She's such a coward. I know that she was coerced but it doesn't matter.
The truth sometimes hurts more but in the long run it's better and hurts less to be honest.
If she says the truth now he would understand and cry for her etc., if she says it later or if he finds out accidentally, his heart will break because she kept it from him. She will hurt him way more.

She knows her coming out with this would only bring on more problems because neither she or her bf have power in this world. If she risks it and her bf does something dumb, the duke would probably kill him, and then where does that leave her? And you don’t know how her bf would react. In her head, she probably thinks he’s gonna consider it “cheating” and get angry with her. I’m sure she would’ve told him if the duke was a random guy but there is something actually on the line. She probably thinks it’d be best to tell him after they return to their world.
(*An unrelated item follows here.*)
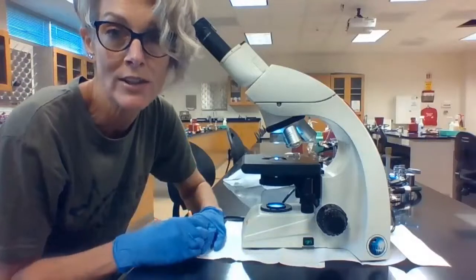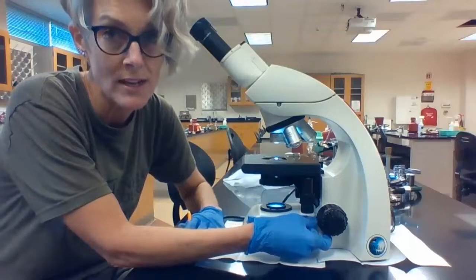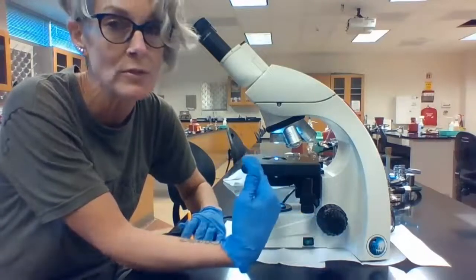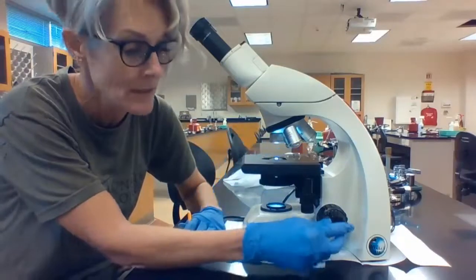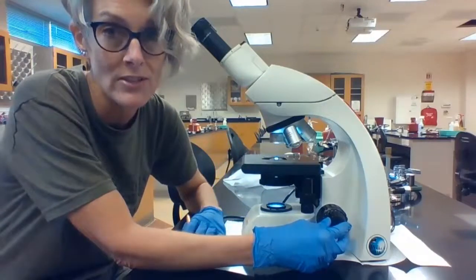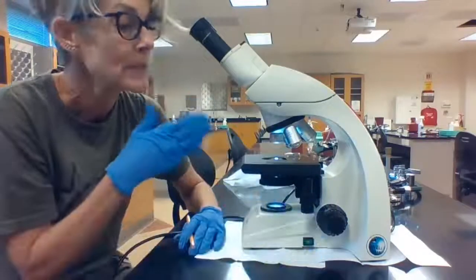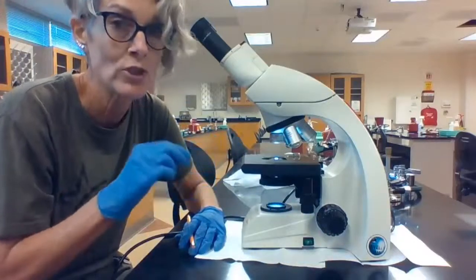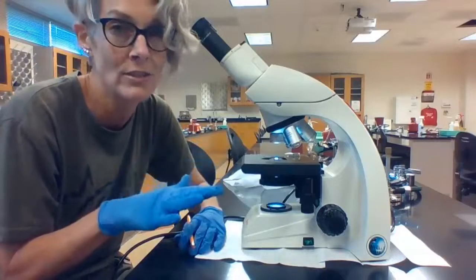There are two focus knobs on this microscope. The inner knob is called the coarse adjustment knob. This is what you're going to use when you're just placing your specimen onto the stage and trying to get it into view for the first time. The outer, smaller knob is the fine focus. This is what you're going to be using when you go between lenses. These scopes are parfocal — they're not perfect, but when you change lenses and increase magnification, you shouldn't have to adjust them too much.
Nah, that's easy to say, hard to do. Trust me. It's easier to tell a stranger your own story, than someone who's close to you. While I never had any partner, and I will never have a partner, it's even hard to tell friends about what's happening. And this scenario? It's very hard. Though, I do believe to have a healthy relationship each of you should be open and forwarding, honest and communicate with each other. If one cheats, cut em off.

Totally opposite for me, I share pretty much everything with my partner. Talking with strangers is fine but they will never understand you as well as someone that truly loves you.
But I have no clue how long she's been dating the dude and how connected and deep their relationship is. That could make the vibe different and it could potentially change the situation.
I still dont understand why she's so hellbend on going back. Like did you ask the dude if he wants to go back? Most people in Korea would probs want to stay in that new world, lol.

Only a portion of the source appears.